I started tackling the unfiled material yesterday. I originally thought I'd try to integrate it into the publication and general files which were in the filing cabinets, but we've decided not to do that at the moment. We may decide to integrate some or all of it later, or we may decide to leave it as its own series.
This material comes from Fr. Ong's desk, from papers stacked on the filing cabinets and papers stacked on some bookshelves, and it includes printouts of fonts styles, correspondence he intended to file, correspondence he may not have gotten to or responded to, junk mail, research materials, some completed but unpublished work, some unfinished work, files he'd labeled as "inactive" (including some work dating back to the late 50s or early 60s), etc.
It's my sense that he didn't file anything until he considered it finished or "closed," but it's also clear that the filing cabinets had just about reached capacity at the end and there just wasn't room to filing things like the proofs and correspondence related to things the four volumes of
Faith and Contexts,
The Ong Reader, and
Time, Memory, and the Verbal Arts: Essays on the Thought of Walter Ong.

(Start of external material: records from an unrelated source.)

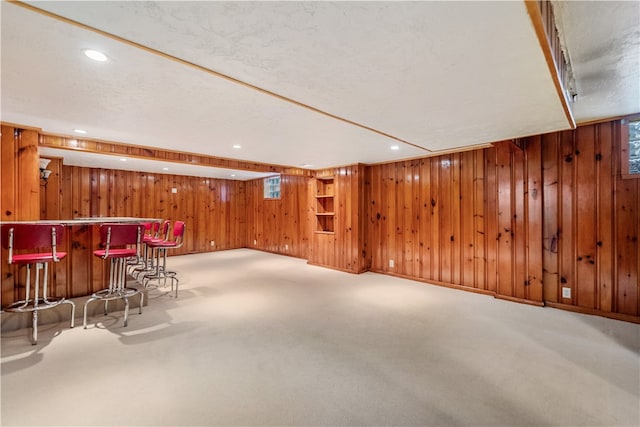 bar with a textured ceiling, carpet flooring, and wood walls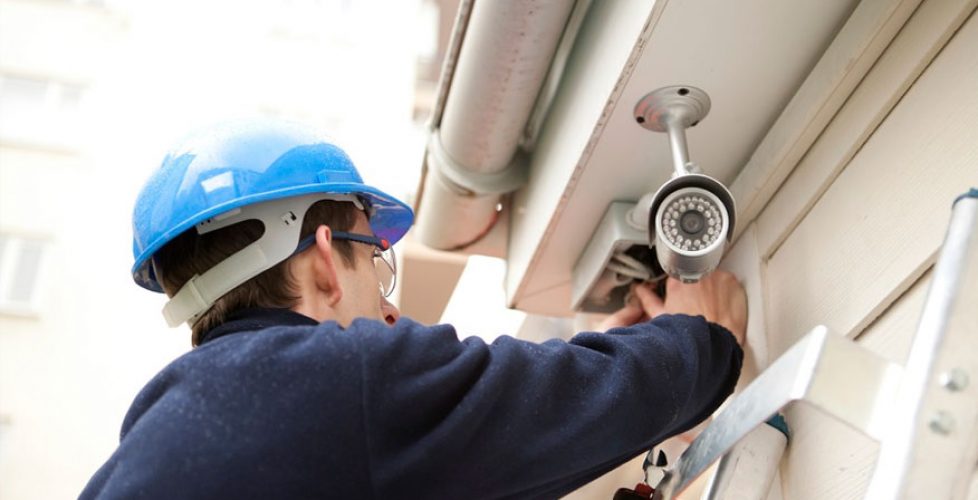 Security camera specialist installing CCTV.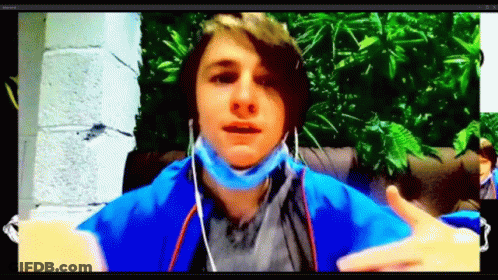 A Young Man Wearing A Mask And Ear Buds Is Sitting In Front Of A Computer Screen . GIF
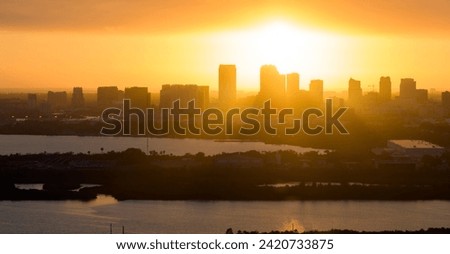 View from above of contemporary high skyscraper buildings in downtown district of Tampa city in Florida, USA at sunset. American megapolis with business financial district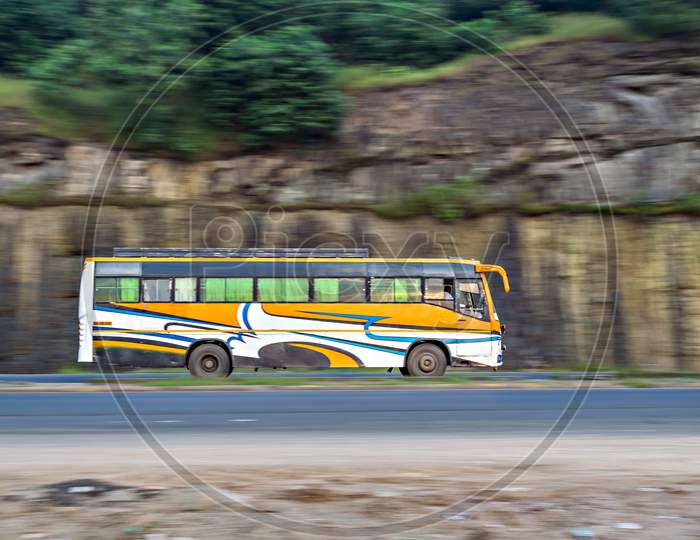 Panning Photo Of An Yellow Striped Non-Ac Private Travels Bus , Speeding Towards Mumbai.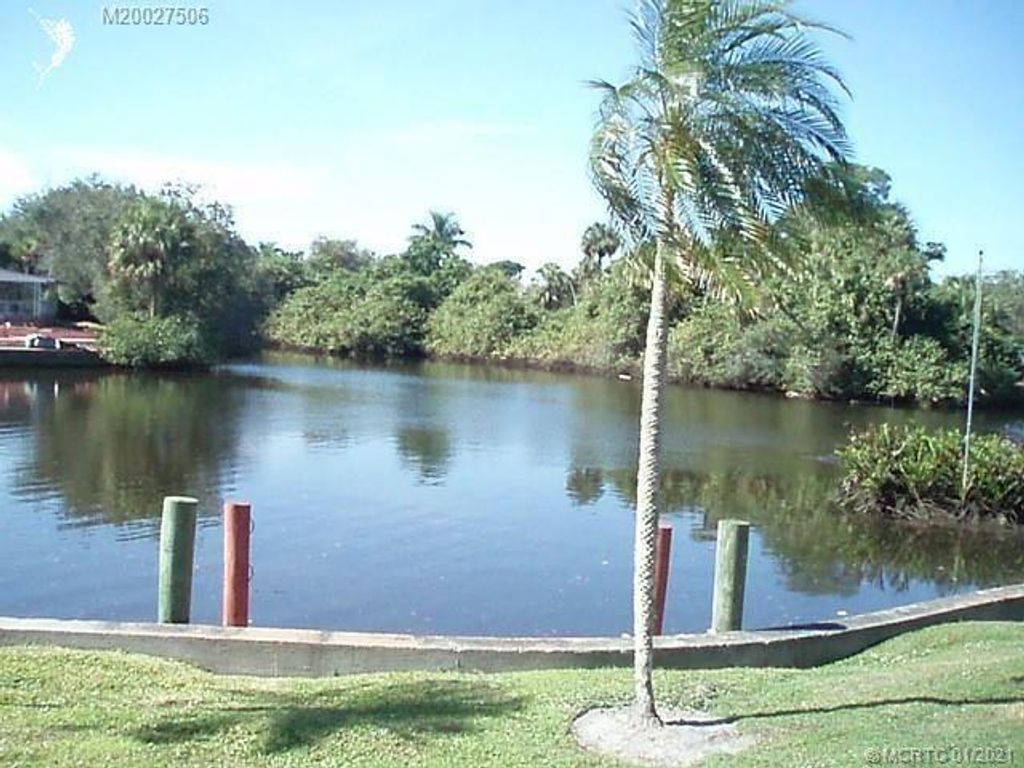Photo of 7660 SE Fork River Drive, Stuart, FL 34997 (MLS # R10921363)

The argument for keeping this unfiled material as its own series is that it would reflect how he himself arranged his records -- what's known in archiving as the primacy of the original order (or something like that). It's possible that future researchers may find it significant that something was "open" or "in-process" rather than "closed" and filed away. And for that reason, I'm leaning towards keeping these materials in their own series rather than integrating them into the larger collection.
It would have been nice if we'd been able to see the material in its original context, but the Jesutis did do a great job of keeping mateiral together and indicating where the items had been found.